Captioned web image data
== Segment start ==
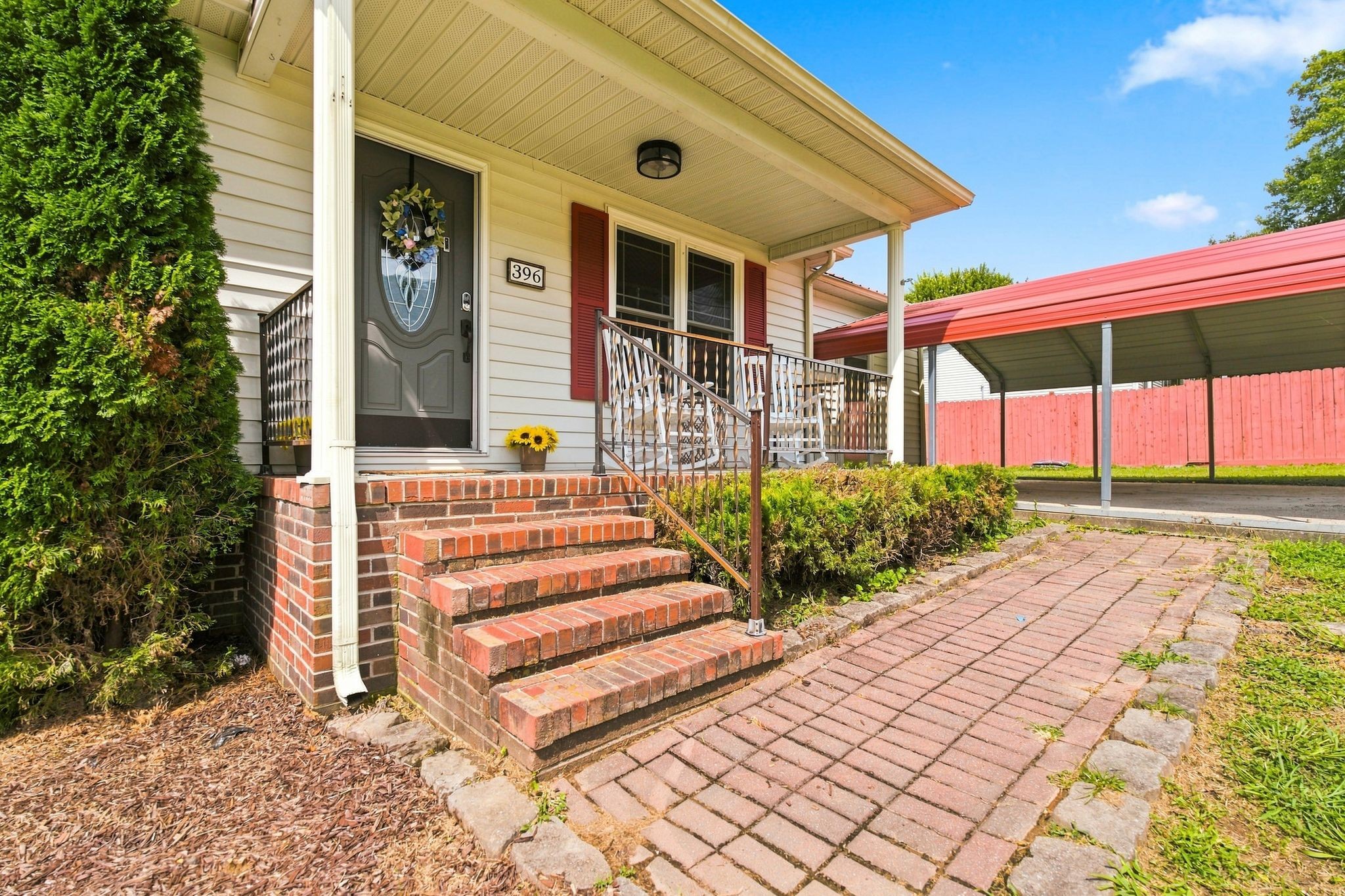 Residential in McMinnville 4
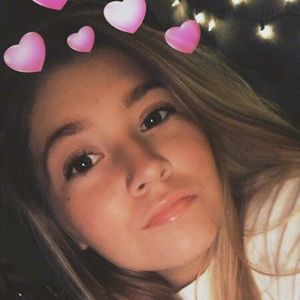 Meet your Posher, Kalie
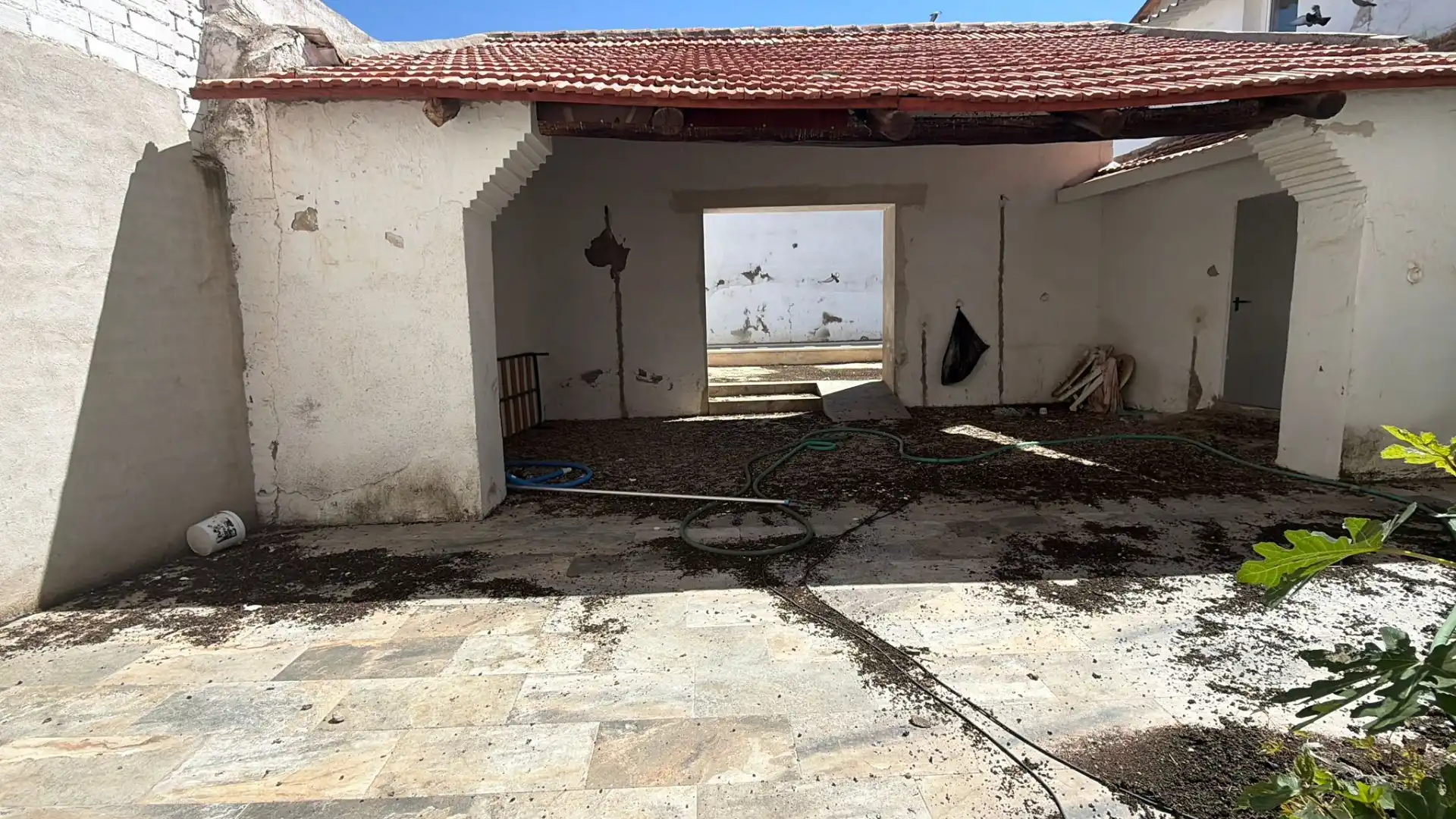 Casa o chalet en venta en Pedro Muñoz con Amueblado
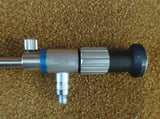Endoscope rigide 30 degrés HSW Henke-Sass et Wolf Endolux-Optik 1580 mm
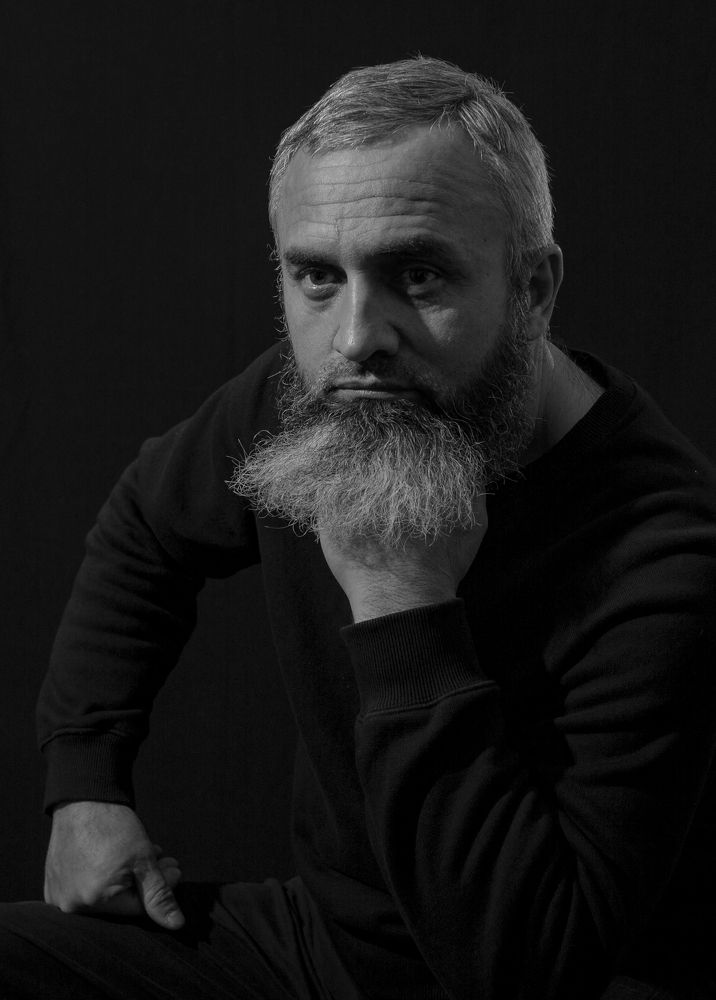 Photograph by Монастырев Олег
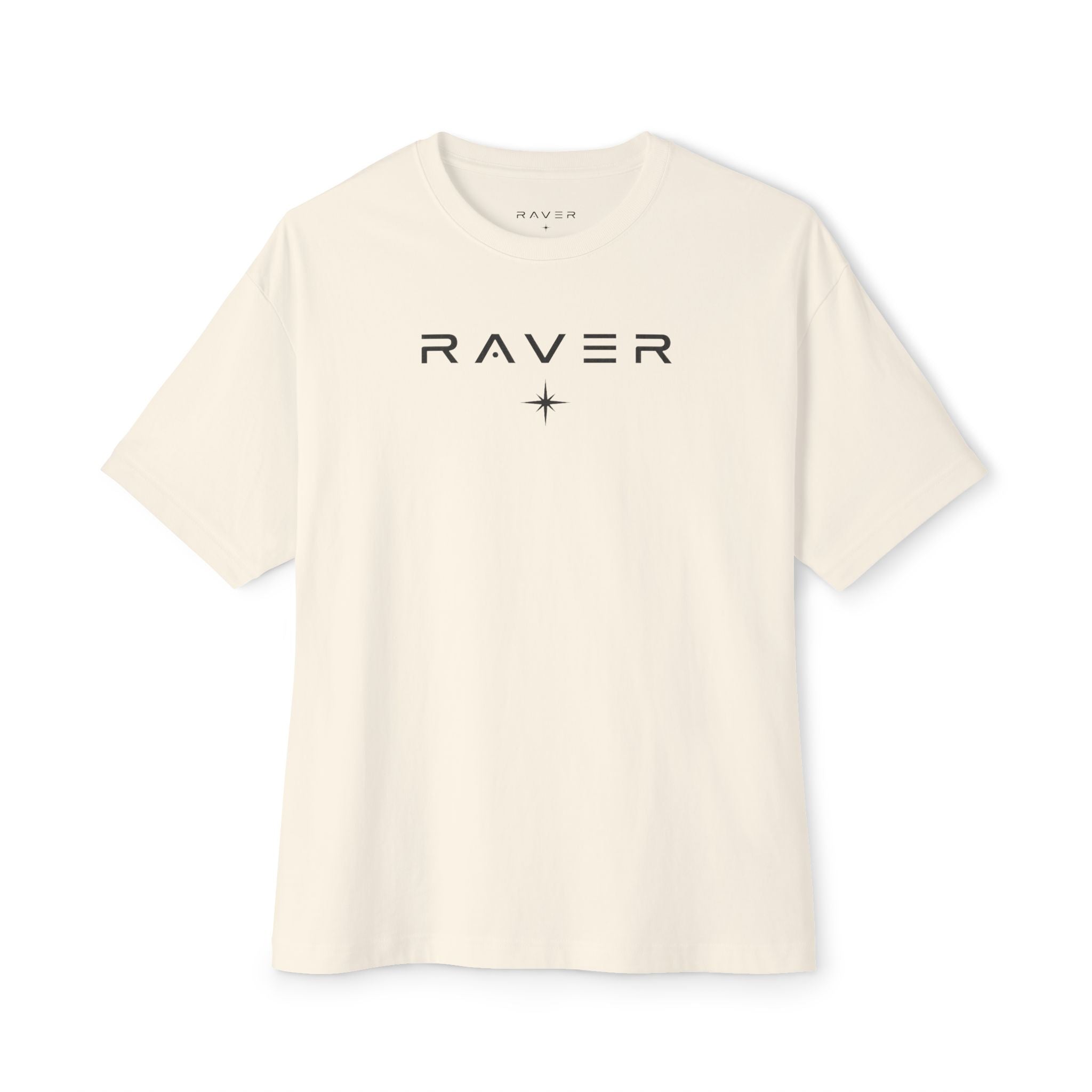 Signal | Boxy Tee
== Segment end ==
[Exercise directions] Set down each entry again exactly as written. Pictures stay out.

[Final answer]
 Residential in McMinnville 4
 Meet your Posher, Kalie
 Casa o chalet en venta en Pedro Muñoz con Amueblado
Endoscope rigide 30 degrés HSW Henke-Sass et Wolf Endolux-Optik 1580 mm
 Photograph by Монастырев Олег
 Signal | Boxy Tee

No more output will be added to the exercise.